> Extracted entries:
---+---

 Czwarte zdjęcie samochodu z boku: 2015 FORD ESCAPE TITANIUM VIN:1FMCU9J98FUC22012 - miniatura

---+---

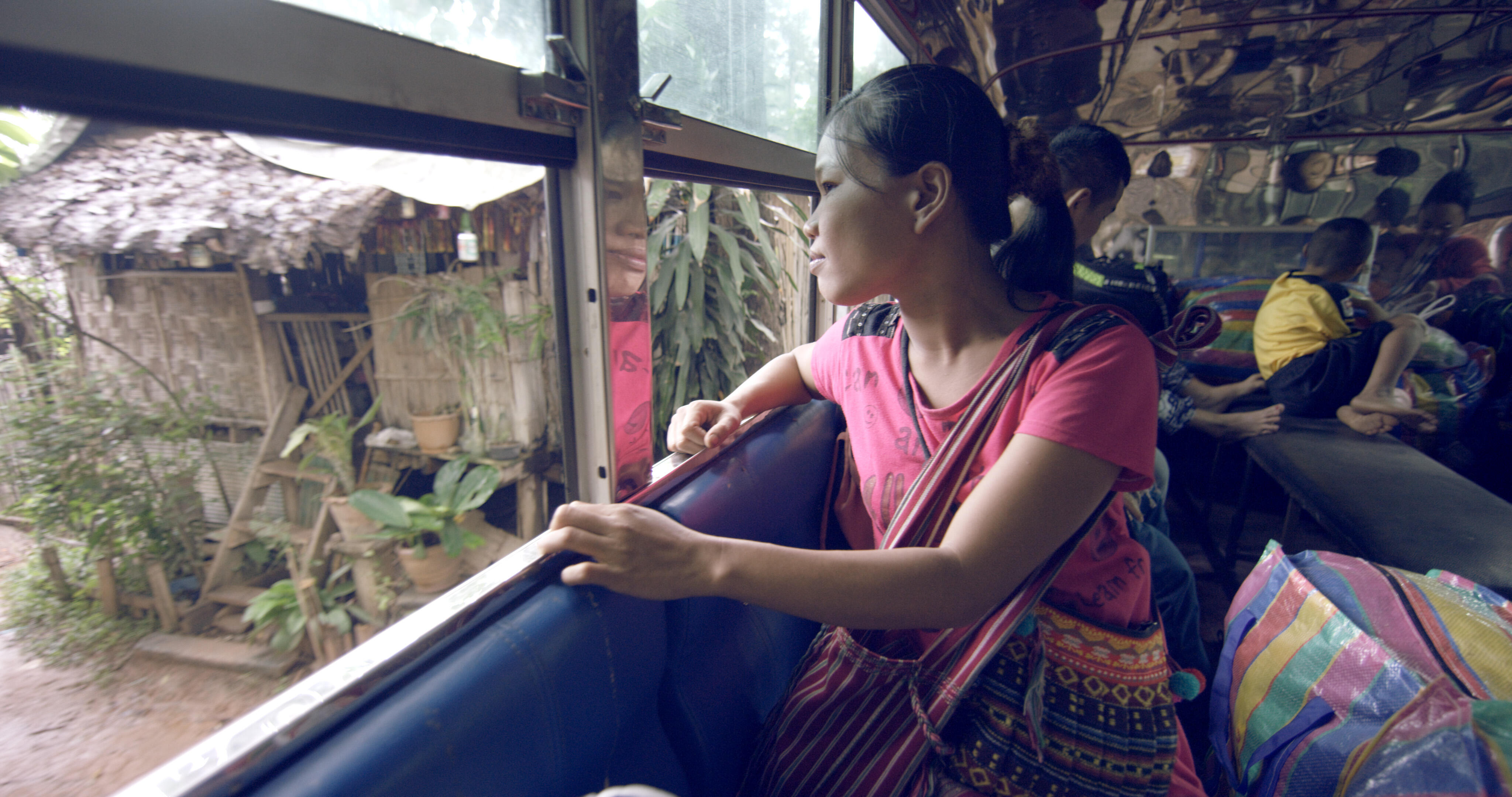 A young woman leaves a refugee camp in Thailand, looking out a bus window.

---+---

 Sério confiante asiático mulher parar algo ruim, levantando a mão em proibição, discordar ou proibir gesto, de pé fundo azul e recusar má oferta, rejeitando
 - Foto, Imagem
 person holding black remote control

---+---

> Directions: Look above for the line holding "Sério confiante asiático" and the line holding "person holding black remote control", then output exactly those two lines and every line between them, nothing more.

> Answer to the problem:
 Sério confiante asiático mulher parar algo ruim, levantando a mão em proibição, discordar ou proibir gesto, de pé fundo azul e recusar má oferta, rejeitando
 - Foto, Imagem
 person holding black remote control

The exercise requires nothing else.